Las mil y una clases

 


 

 Había un instituto en el que los estudiantes tenían la costumbre de quemar a los profesores. Estos, en verdad, no eran capaces de motivar a sus alumnos, por lo que ellos se vengaban portándose fatal y negándose a aprender nada. Hasta que un buen día llegó un maestro joven, lleno de entusiasmo e ideas innovadores, que se ofreció voluntario para enseñar literatura.
Sus colegas le advirtieron:
—Ándate con cuidado. Esos zoquetes no respetan a nadie. Se reirán de ti, te harán la vida imposible y acabarás pidiendo una baja por depresión, como todos los demás.

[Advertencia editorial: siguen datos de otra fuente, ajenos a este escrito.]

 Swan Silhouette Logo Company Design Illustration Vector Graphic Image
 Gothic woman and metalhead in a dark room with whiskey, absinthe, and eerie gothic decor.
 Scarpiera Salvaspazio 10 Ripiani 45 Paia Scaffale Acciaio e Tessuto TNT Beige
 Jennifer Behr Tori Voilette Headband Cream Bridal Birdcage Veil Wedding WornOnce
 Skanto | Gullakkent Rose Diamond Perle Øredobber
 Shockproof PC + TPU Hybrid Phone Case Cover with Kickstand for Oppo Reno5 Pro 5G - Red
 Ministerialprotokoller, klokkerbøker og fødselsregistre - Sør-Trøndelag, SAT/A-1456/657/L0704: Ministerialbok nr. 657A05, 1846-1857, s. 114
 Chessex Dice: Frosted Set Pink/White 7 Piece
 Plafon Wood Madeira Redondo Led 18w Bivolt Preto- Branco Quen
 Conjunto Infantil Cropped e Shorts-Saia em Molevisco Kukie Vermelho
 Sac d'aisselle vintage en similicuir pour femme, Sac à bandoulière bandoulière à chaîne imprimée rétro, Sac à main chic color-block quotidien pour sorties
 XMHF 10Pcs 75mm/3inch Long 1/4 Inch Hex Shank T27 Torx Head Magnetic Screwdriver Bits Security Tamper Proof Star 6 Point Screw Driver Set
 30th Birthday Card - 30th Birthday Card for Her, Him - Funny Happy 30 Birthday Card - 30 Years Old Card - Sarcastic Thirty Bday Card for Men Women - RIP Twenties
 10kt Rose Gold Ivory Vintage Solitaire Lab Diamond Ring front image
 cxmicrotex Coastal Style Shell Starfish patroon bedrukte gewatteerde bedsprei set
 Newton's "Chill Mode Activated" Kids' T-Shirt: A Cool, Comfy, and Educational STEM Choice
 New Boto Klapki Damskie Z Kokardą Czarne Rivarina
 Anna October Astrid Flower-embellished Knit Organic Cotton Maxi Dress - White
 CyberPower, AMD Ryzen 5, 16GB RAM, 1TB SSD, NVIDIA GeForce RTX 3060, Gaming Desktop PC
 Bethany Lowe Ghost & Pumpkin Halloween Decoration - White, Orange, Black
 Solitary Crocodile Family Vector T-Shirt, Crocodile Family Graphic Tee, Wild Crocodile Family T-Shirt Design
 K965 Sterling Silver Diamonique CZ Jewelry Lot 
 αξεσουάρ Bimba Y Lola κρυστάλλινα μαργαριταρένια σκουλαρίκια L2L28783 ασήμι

Pero el fervoroso educador confiaba en su método pedagógico y deseaba experimentarlo con adolescentes conflictivos, reacios a cualquier cosa que oliese a cultura de lejos. El método se basaba en la lectura compartida o, para entendernos mejor, shared book reading, que consistía en leer, cada sesión diaria, el principio de una obra literaria memorable, mientras que los escuchantes —liberados de tomar apuntes, escribir resúmenes o buscar el significado de algunas palabras en el diccionario— se limitaban a escuchar y añadir los comentarios personales que considerasen oportunos. Cuando sonaba el timbre que indicaba el final de la clase, el profesor, pensando que los dejaba con la miel en los labios, decía: “Mañana más”.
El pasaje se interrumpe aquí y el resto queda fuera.